"Hey New York Times, Ladies Have Opinions, Too"
When Romenesko published the New York Times’ announcement of their expanded online opinion pages yesterday, Alternet editor Sarah Jaffe tweeted, “New York Times expands opinion coverage; only one woman has an opinion.” The plan announced by the paper certainly leaves room for more female contributors, whether in the “Frequent Op-Eds that will be exclusively available to online readers”‘ “Op-Docs, opinionated, short-video documentaries, with wide creative ranges, about current affairs and contemporary life from both renowned and emerging filmmakers”; the “among others” category in the new Campaign Stops blog, for which all announced contributors are men, or the “Additional enhancements to the Global Opinion section.” But it’s absolutely true that of all the names of people who are meant to get us excited about this new section, only one, that of naturalist Diane Ackerman, is a woman’s.
If what the Times wants is to bring in new readers with this revamp, the most glaringly obvious thing they could do is embrace diversity, not just of writers, but of subject material. I know that getting a slot at the Times is supposed to be a reward and validation, a career summing-up (Which, by the way, I think is worth challenging. Editorial pages would be more interesting if columnists had limited-term slots.), but that isn’t incompatible with going out, finding some folks who have built interesting sites and have valuable things to say, and buying, or at least renting, their content and their readership. Not everyone is drawn to a paper by the same thing. And not every views the experience of white men as equally valuable.

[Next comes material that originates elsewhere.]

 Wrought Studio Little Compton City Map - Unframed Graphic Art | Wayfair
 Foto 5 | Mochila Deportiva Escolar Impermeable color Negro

And more to the point, it’s always astonishing to me that the folks who put out these press releases, and these white dude-heavy lineups, don’t seem to understand how they look to other people, to other potential consumers. If you’re surrounded by older white men all day, I understand that might not look aberrational to you. But do people seriously not recognize that what is normal (and desirable) for them is not necessarily normal or desirable for everyone else? That doesn’t seem particularly hard to consider. And yet it’s a small cognitive effort that a lot of publishers seem to have tremendous difficulty making.